■ Problem details
Output, exactly and in full, only the lines from the one containing "Şcoala internaţională de" to the last line of the data. Pictures should not appear.

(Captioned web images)
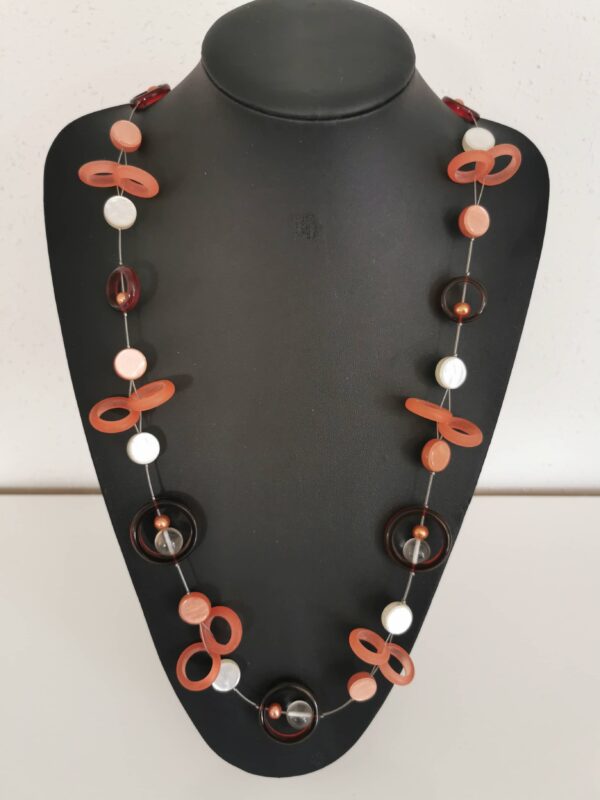 Collier Culture Mix neuf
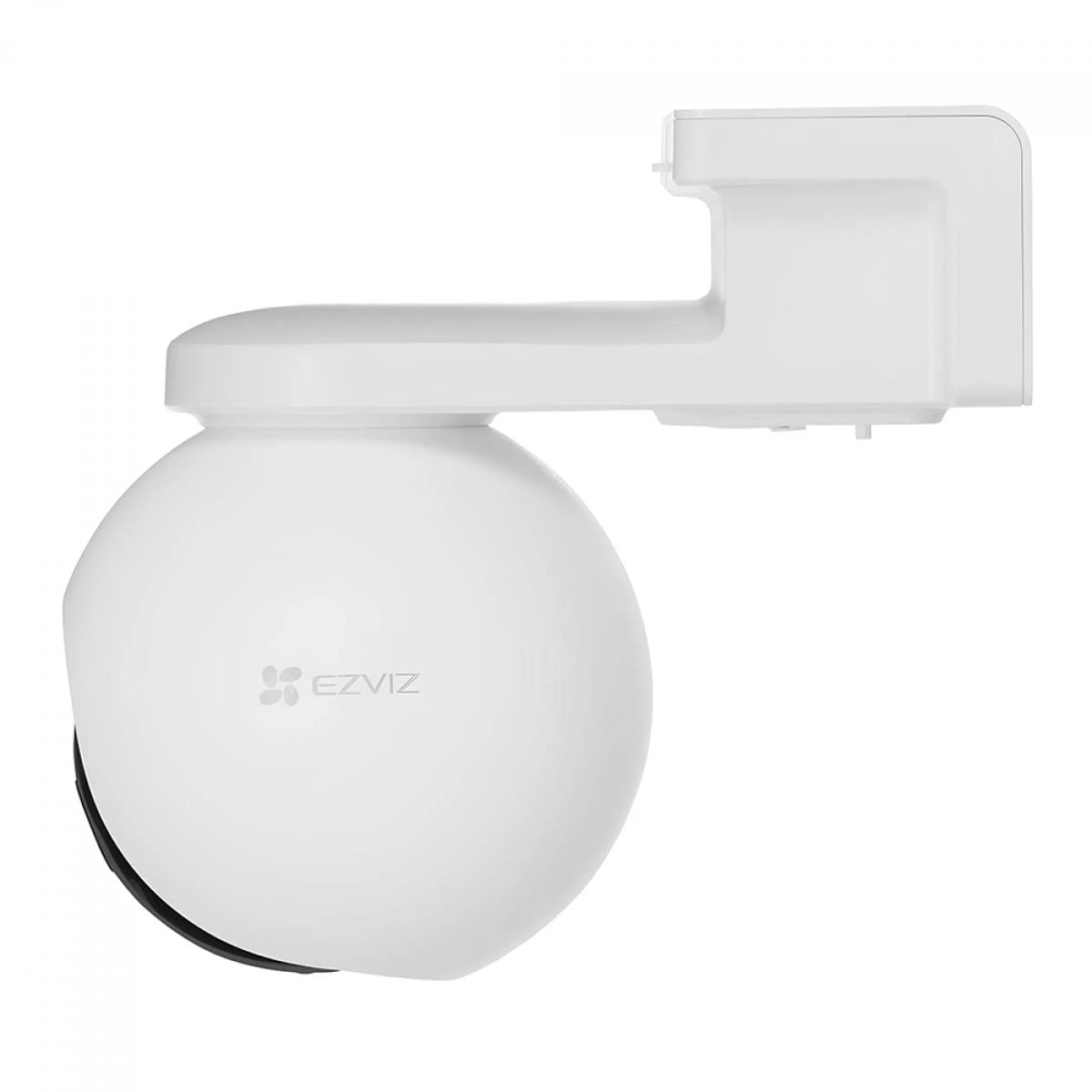 Câmera de Segurança EZVIZ CB8 2K, WIFI, 360º, Branco, CS-CB8-R105-2C3WFL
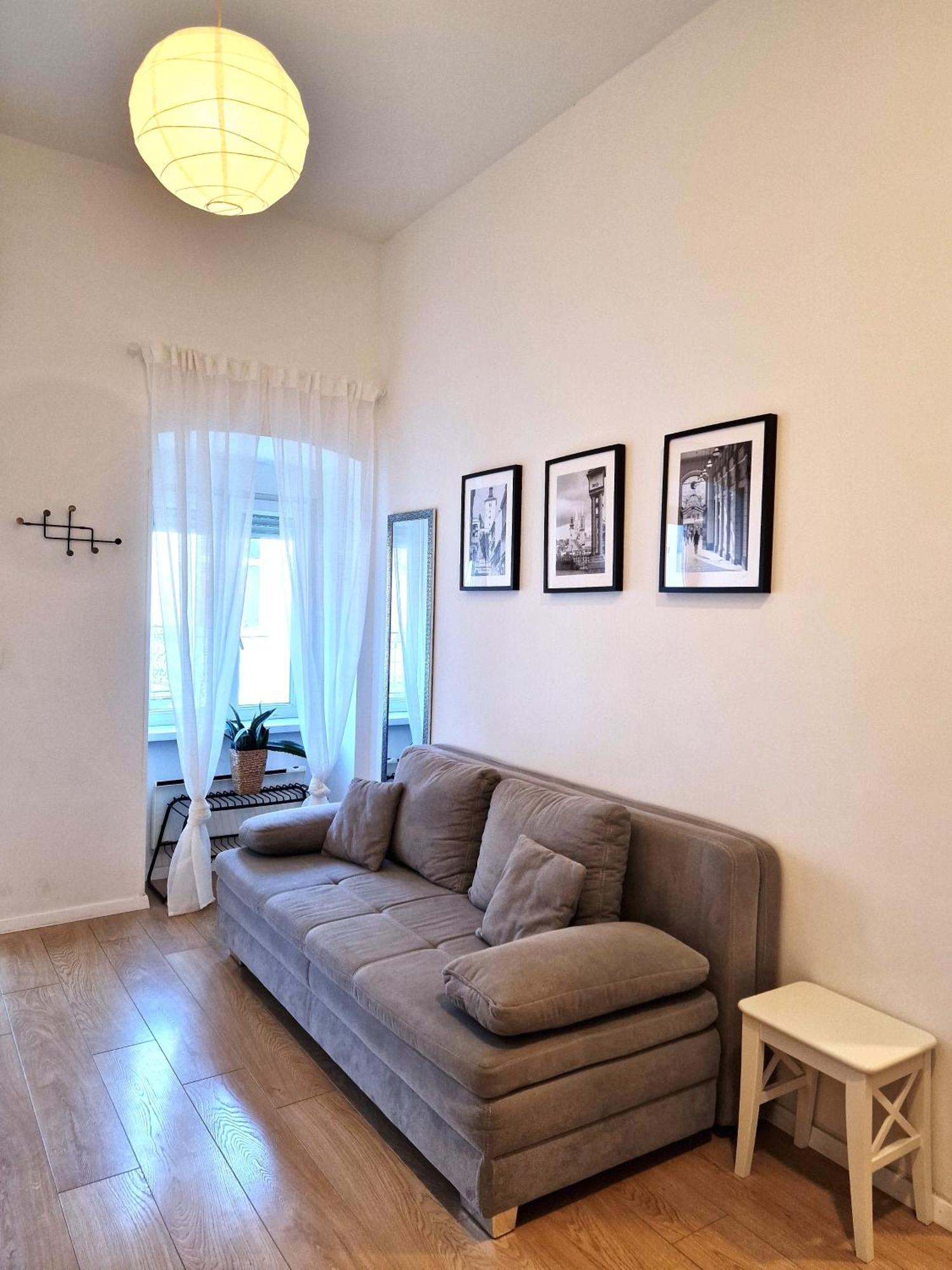 Apartman Golf Zagabria Esterno foto
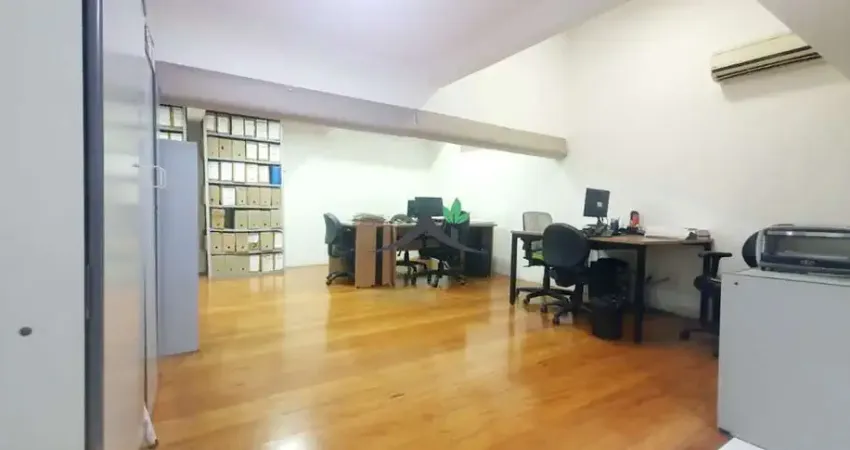 Sala comercial para alugar na Avenida Santo Amaro, 1817, Vila Nova Conceição, São Paulo
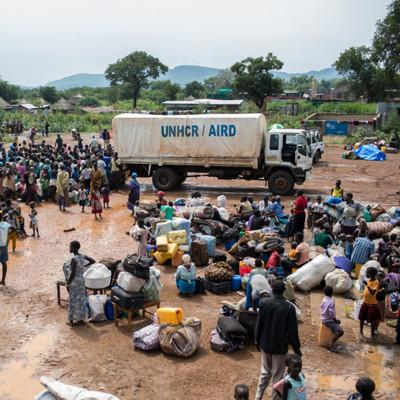 Şcoala internaţională de vară Protecţia şi drepturile refugiaţilor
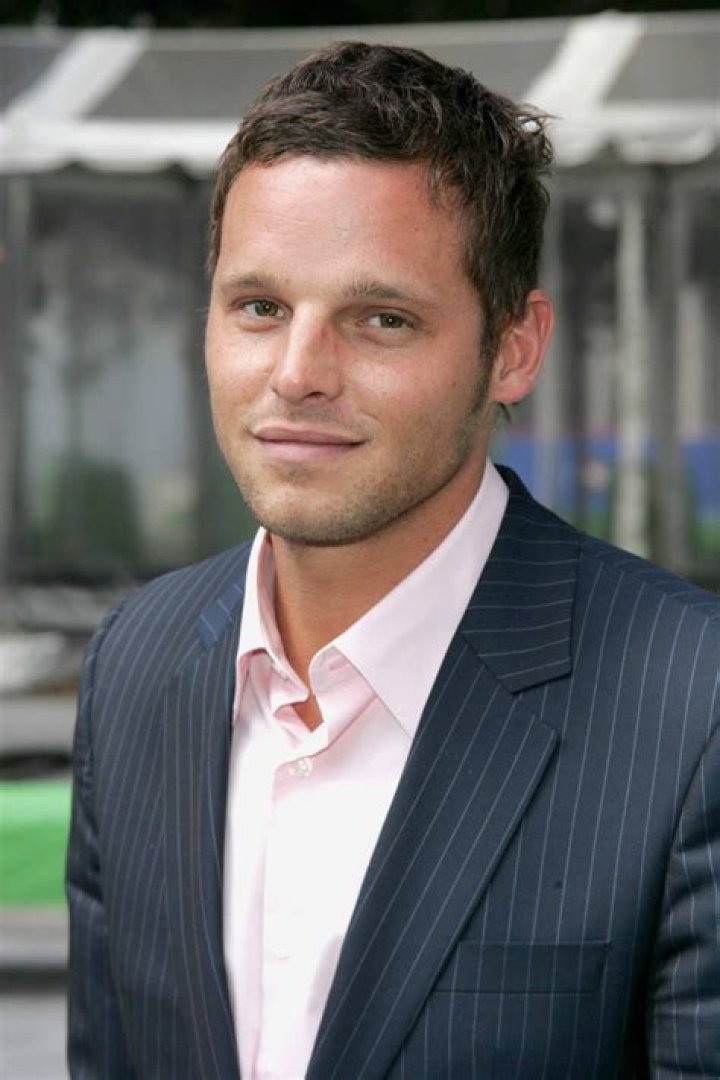 Justin Chambers Photo Gallery2 Tv Series Posters and Cast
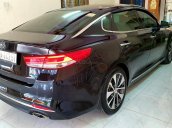 Kia Optima 2.0 GATH (Bản full) sx 2017 ĐK 12/2017, xe đẹp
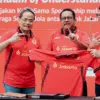 Persija Jakarta Dapat Dukungan Sponsor Baru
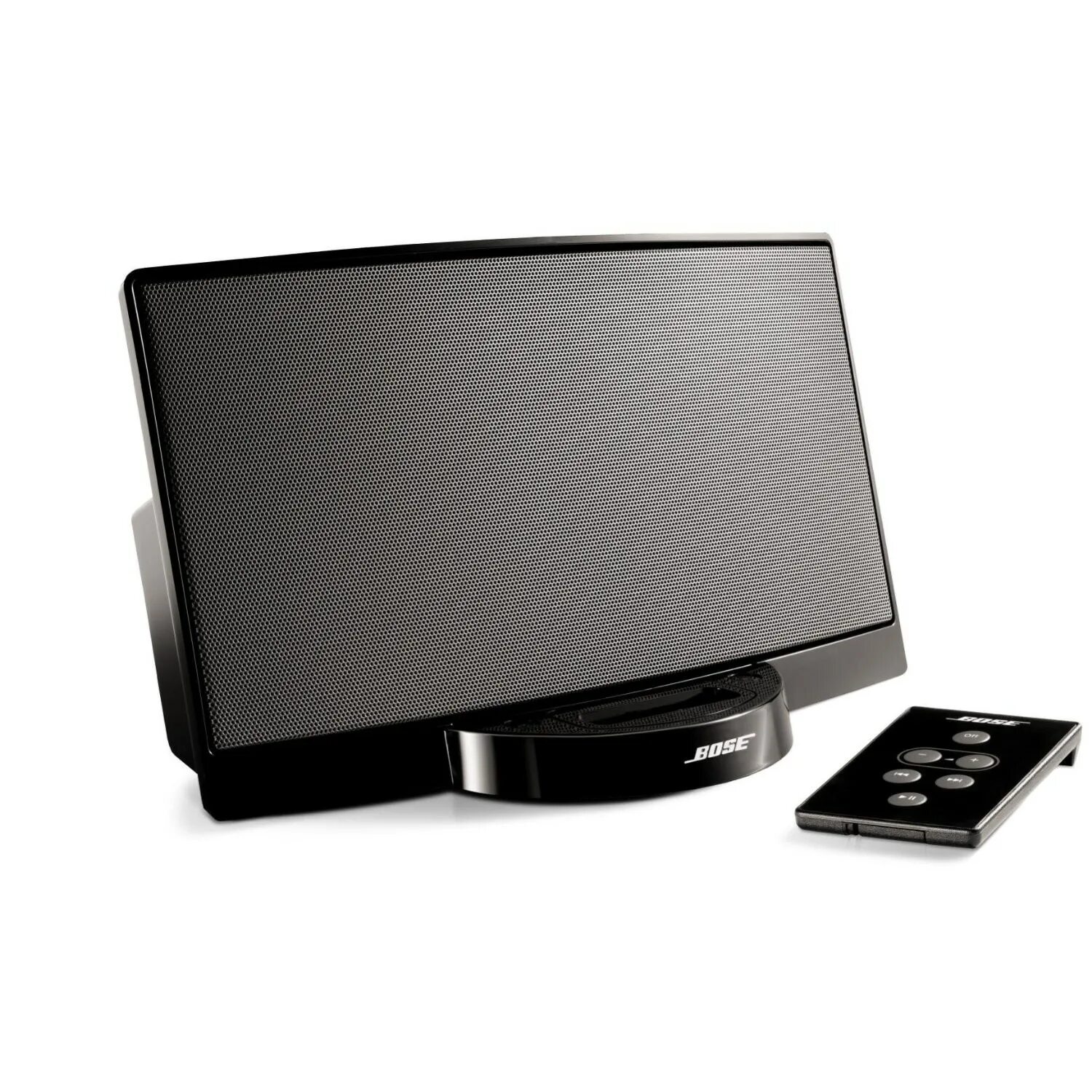 Bose SOUNDDOCK 1. Bose SOUNDDOCK 3. Bose SOUNDDOCK Digital Music System.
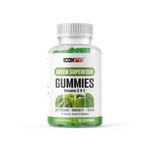 Icon Muscle Green Superfood Gummies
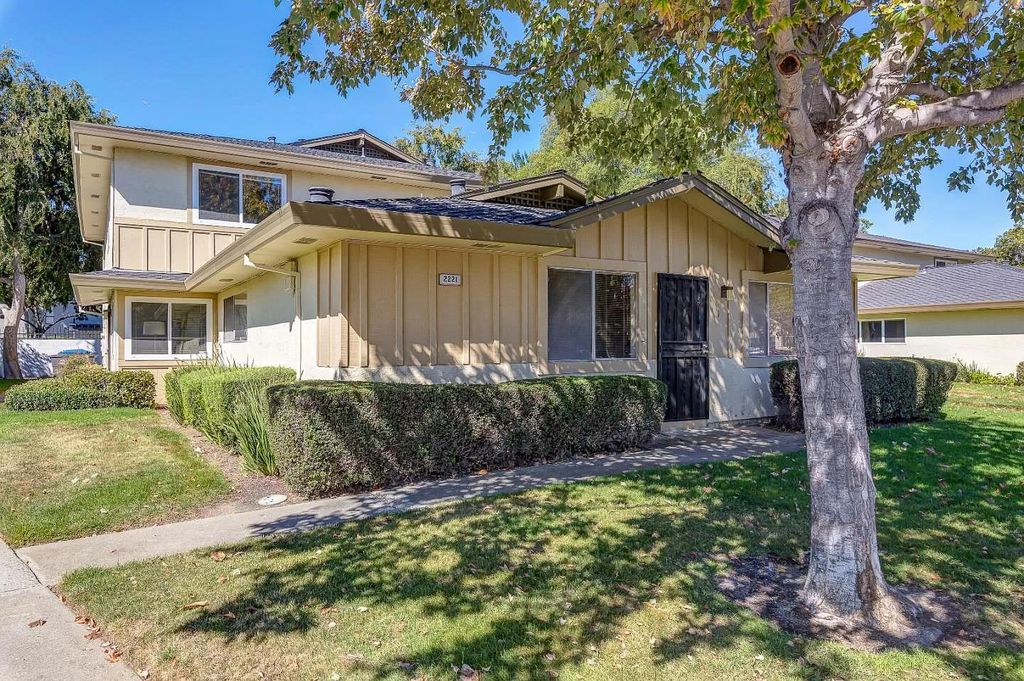 2221 Partridge Way #3, Union City, CA 94587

■ Answer to this task
 Şcoala internaţională de vară Protecţia şi drepturile refugiaţilor
 Justin Chambers Photo Gallery2 Tv Series Posters and Cast
 Kia Optima 2.0 GATH (Bản full) sx 2017 ĐK 12/2017, xe đẹp
 Persija Jakarta Dapat Dukungan Sponsor Baru
 Bose SOUNDDOCK 1. Bose SOUNDDOCK 3. Bose SOUNDDOCK Digital Music System.
 Icon Muscle Green Superfood Gummies
 2221 Partridge Way #3, Union City, CA 94587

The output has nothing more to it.